Première réflexion : il me semble que ça ne sert à rien (ou pas grand-chose?) d’hydrater le derme par voie topique* : il contient plus d’eau que l’épiderme, de l’eau qui provient de l’intérieur de l’organisme et qui est relativement protégée par… l’épiderme justement, et sa fameuse jonction « dermo-épidermique ».
Par contre, pourquoi n’aurait-on pas le droit d’hydrater la totalité de l’épiderme, et notamment ses couches inférieures ??? Pourquoi la législation (un vieux vieux texte de loi) nous oblige à mettre cette mention ? Et uniquement sur l’hydratation, sur aucun autre revendication cosmétique… ?!? Ben là j’avoue que je sèche…
Mais on s’en fiche !!! Vous savez pourquoi ? Parce que hier soir, en discutant avec Clémence Hugot (assistante règlementaire chez SVR), j’apprends que, TENEZ-VOUS BIEN… Ça y est, on n’est plus obligé de mettre cette mention-qui-emm…-toutes-les-équipes-marketing-cosmétique-de-France-et-de-Navarre-depuis-des-générations-de-pots-de-crème-hydratante !!!!Non, m’sieurs dames, plus obligé du tout, c'est une petite info tout récemment donnée par la FEBEA**.

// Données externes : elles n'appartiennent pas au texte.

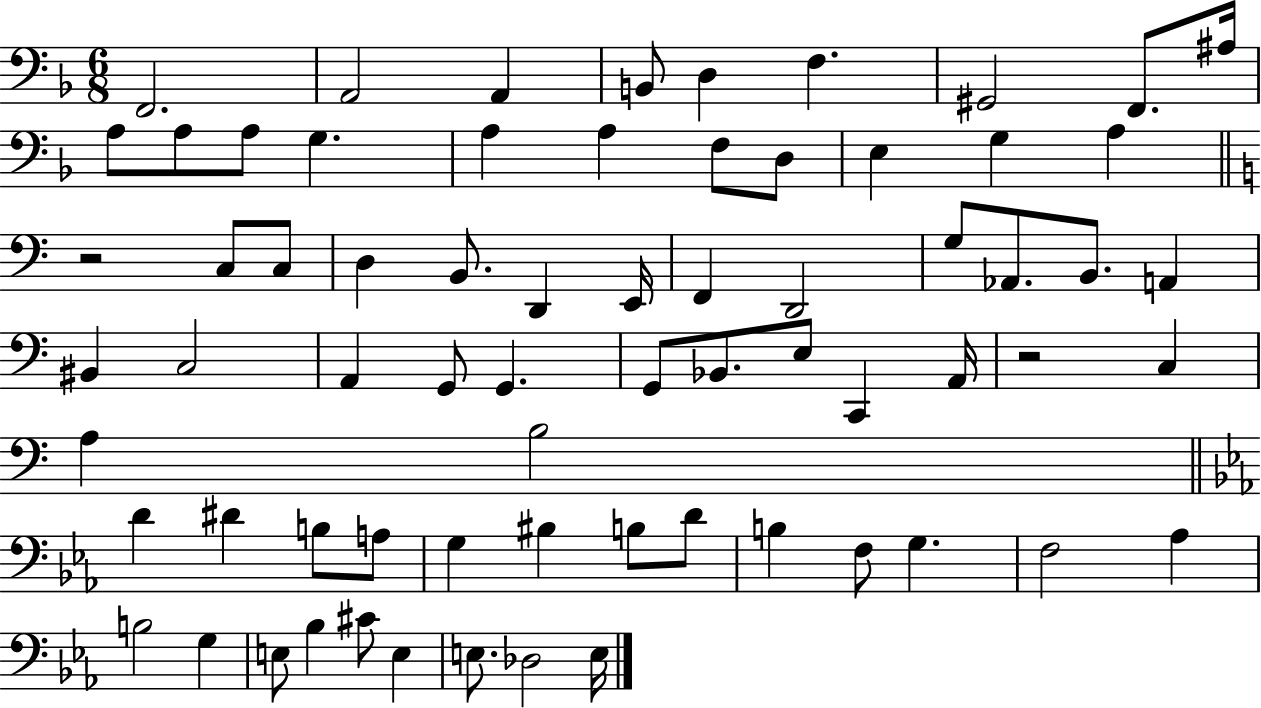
X:1
T:Untitled
M:6/8
L:1/4
K:F
F,,2 A,,2 A,, B,,/2 D, F, ^G,,2 F,,/2 ^A,/4 A,/2 A,/2 A,/2 G, A, A, F,/2 D,/2 E, G, A, z2 C,/2 C,/2 D, B,,/2 D,, E,,/4 F,, D,,2 G,/2 _A,,/2 B,,/2 A,, ^B,, C,2 A,, G,,/2 G,, G,,/2 _B,,/2 E,/2 C,, A,,/4 z2 C, A, B,2 D ^D B,/2 A,/2 G, ^B, B,/2 D/2 B, F,/2 G, F,2 _A, B,2 G, E,/2 _B, ^C/2 E, E,/2 _D,2 E,/4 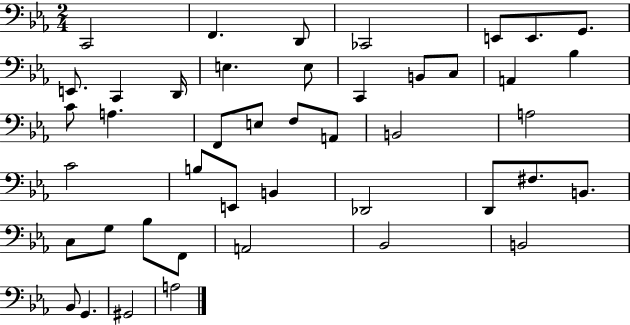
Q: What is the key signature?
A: EES major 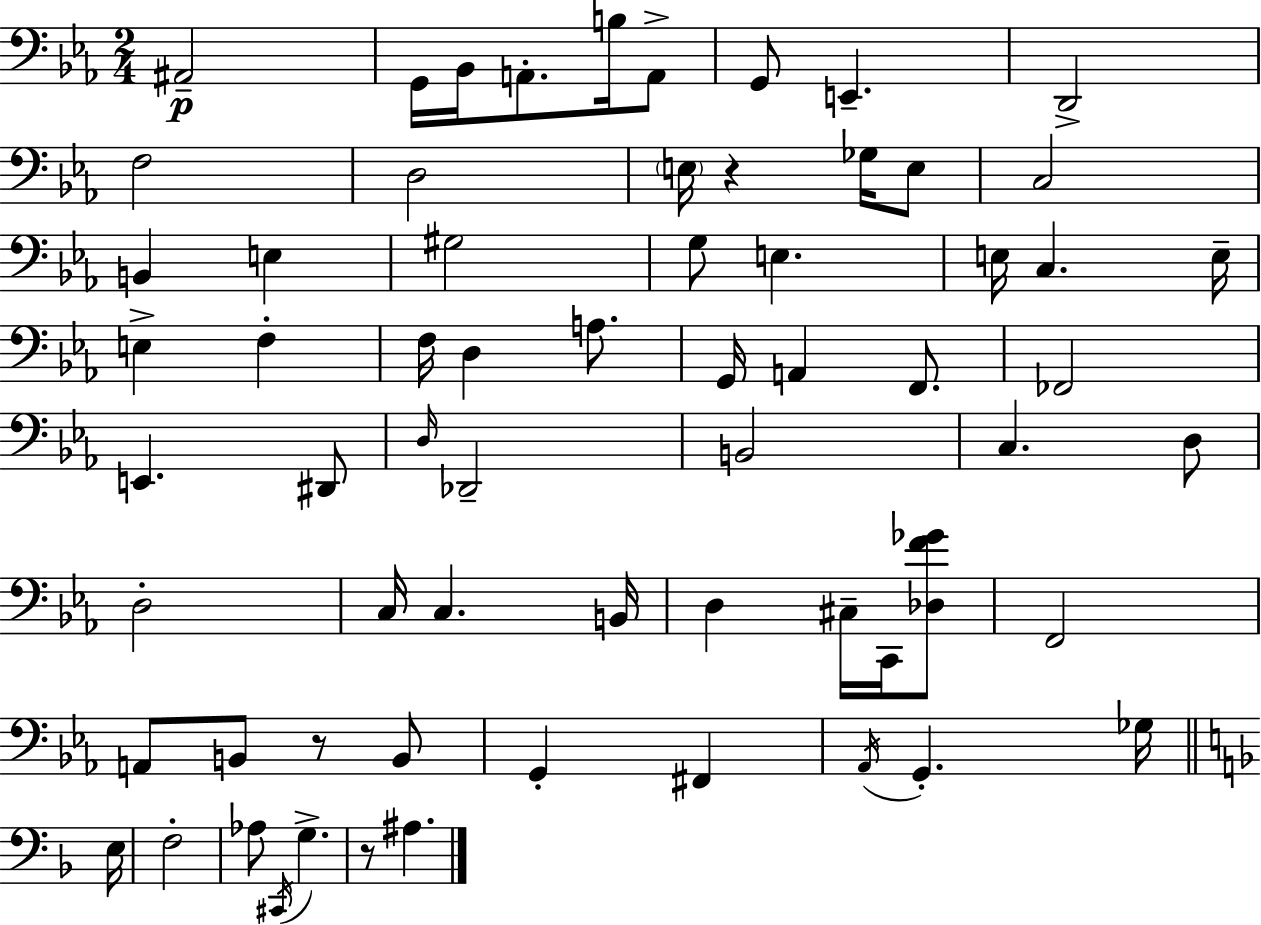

Je suis sûre que certains (pros) d’entre vous ne le saviez même pas, et que vous allez de ce pas supprimer la mention « couches supérieures de l’épiderme » de tous vos packagings.
Non ? :)
°°°
* topique = via une application sur la peau
** Voici ce que dit la FEBEA :
La référence à "couches supérieures de l'épiderme" apparaît pour la première fois dans le Bulletin d'Information et de Documentation (BID)* n°6 de 1998, dans lequel il est précisé "[...] afin d'éviter toute confusion dans l'esprit du consommateur sur l'étendue de l'effet hydratant d'un produit, il convient, au minimum, d'adjoindre à l'étiquetage ou à la publicité en cause une mention du type "hydratation des couches supérieures de l'épiderme"."
Cette précision n'étant pas reprise dans la recommandation du BVP de mai 2006, c'est la raison pour laquelle nous en avons tiré la conséquence que la phrase n'étant pas dans le texte, elle n'était plus exigée.